New research finds 'light moderate drinkers' at least risk of dying early or developing cancer

A new study has revealed the link between alcohol consumption and premature death [Photo: Getty]

People who enjoy the odd alcoholic drink (that’ll be most of us then!) are less likely to suffer a premature death than those who don’t drink at all, new research has revealed.

Chugging up to three glasses of wine or beer a week could lower the risk of dying from any cause, and in particular cancer, according to a new study by researchers at Queens University, Belfast.

But before you crack open another bottle, scientists have also warned that there is a catch (Isn’t there always a catch?) in that the risk of a deadly illness rises slightly among more regular quaffers.

For the study, published in the journal PLOS Medicine, the researchers analysed data about lifetime alcohol use of nearly 100,000 US participants aged between 55 and 74, for an average of nine years.

Participants completed a dietary survey with questions on their alcohol intake at various stages of their life.

The researchers also looked at data on the number of primary cancer diagnoses (meaning it was the first time the person had been diagnosed with cancer) and deaths that occurred over the next nine years.

Researchers divided the volunteers into eight groups, based on how much alcohol they drank, from none at all to heavy drinkers.

The results revealed that people who drank some alcohol had a lower risk of cancer and death from any cause during a nine-year period than those who drank more or none.
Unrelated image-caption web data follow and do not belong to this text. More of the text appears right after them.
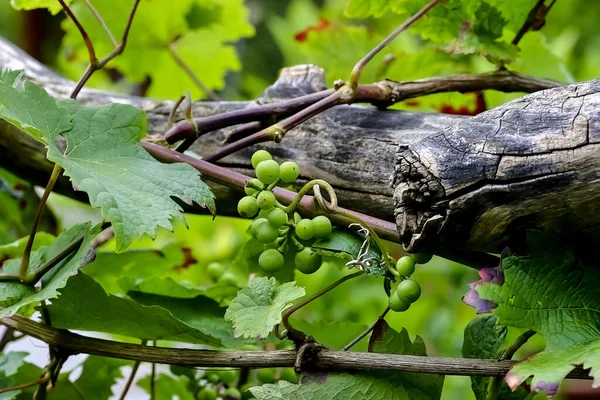 Wijnstok Van Een Witte Druif Vitis Een Oude Knoestige Houten — Stockfoto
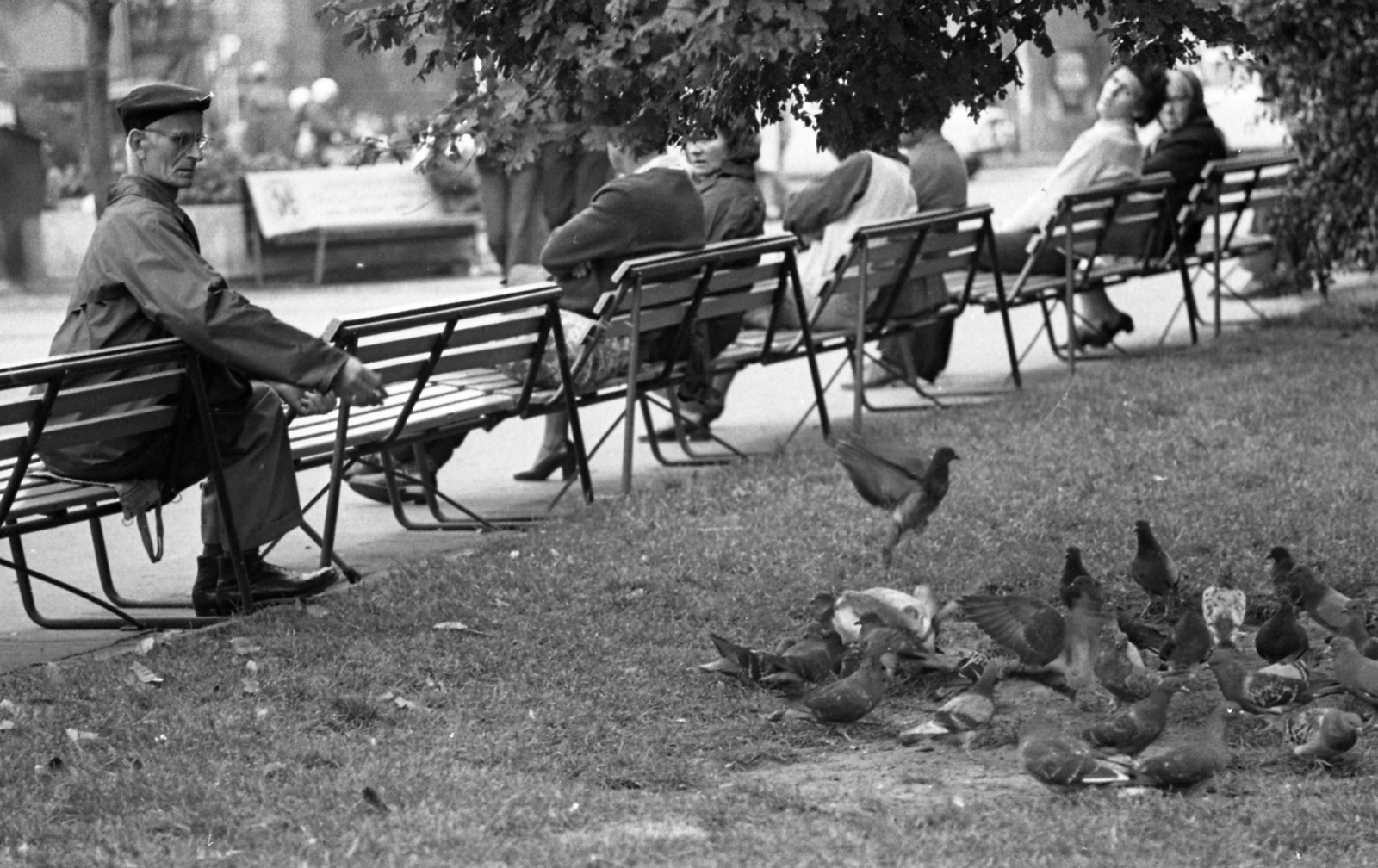 Hungary, Budapest VIII., Blaha Lujza tér., 1974, Urbán Tamás, dove, Budapest, bird feeding, bench, Fortepan #87291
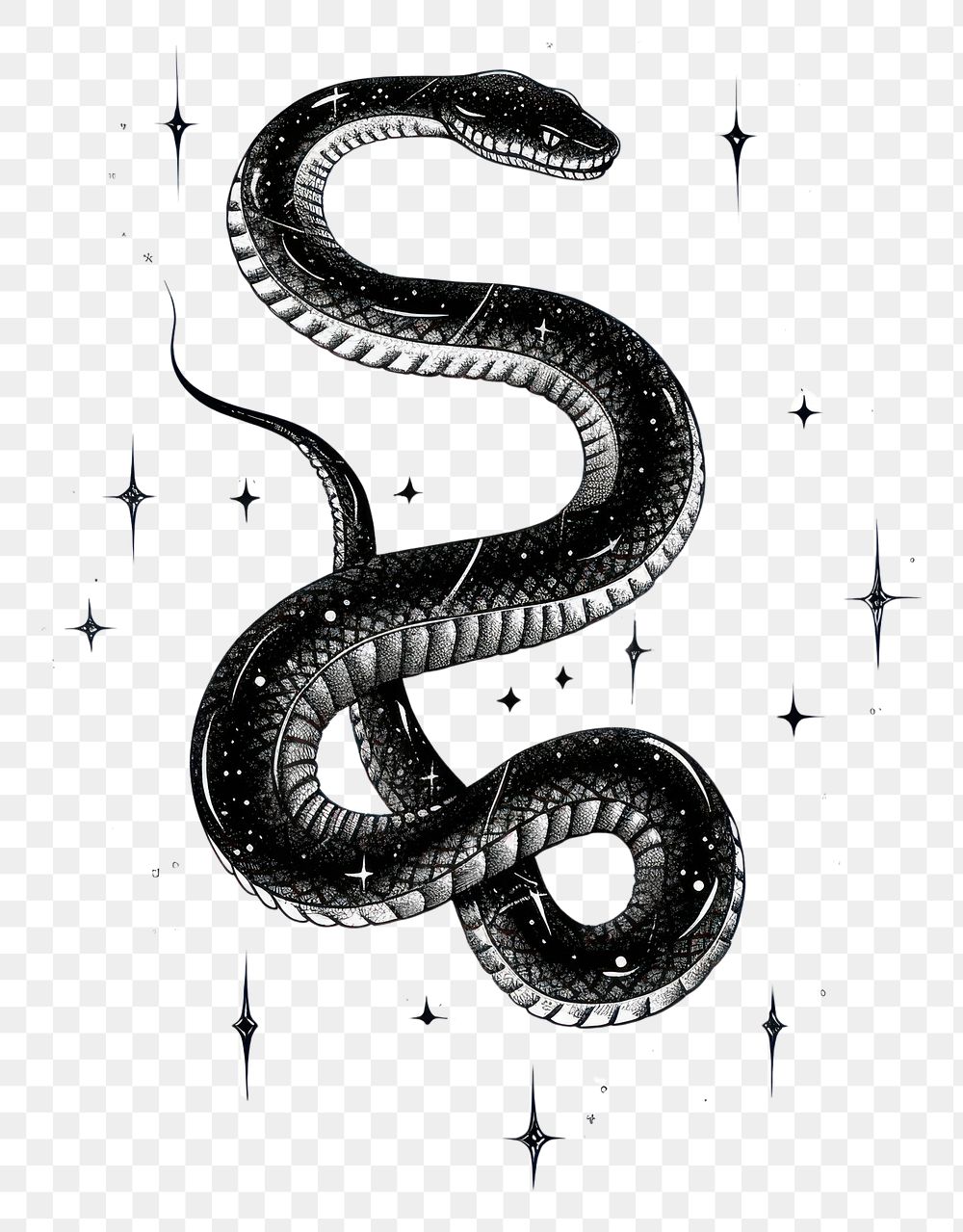 PNG Snake celestial drawing line monochrome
In particular, people who had fewer than seven drinks a week had the lowest risk of cancer and death, compared with those who had seven or more drinks a week.

New research finds ‘light moderate drinkers’ at least risk of dying early or developing cancer. [Photo: Getty]

The findings also found that with each additional drink per week, the risk of cancer and death from any cause increased.

Very heavy drinkers (three or more drinks each day) had the highest risk of dying early or developing cancer at 21 per cent.

This group were followed by heavy drinkers (two to three drinks each day), who were 10 per cent more likely to die young or get cancer.

Infrequent drinkers (one drink each week) had an eight per cent higher risk, while it was calculated to be seven for per cent for abstainers.

Interestingly, there was no extra risk of cancer or dying prematurely for somewhat light drinkers (those who supped between three and five drinks each week).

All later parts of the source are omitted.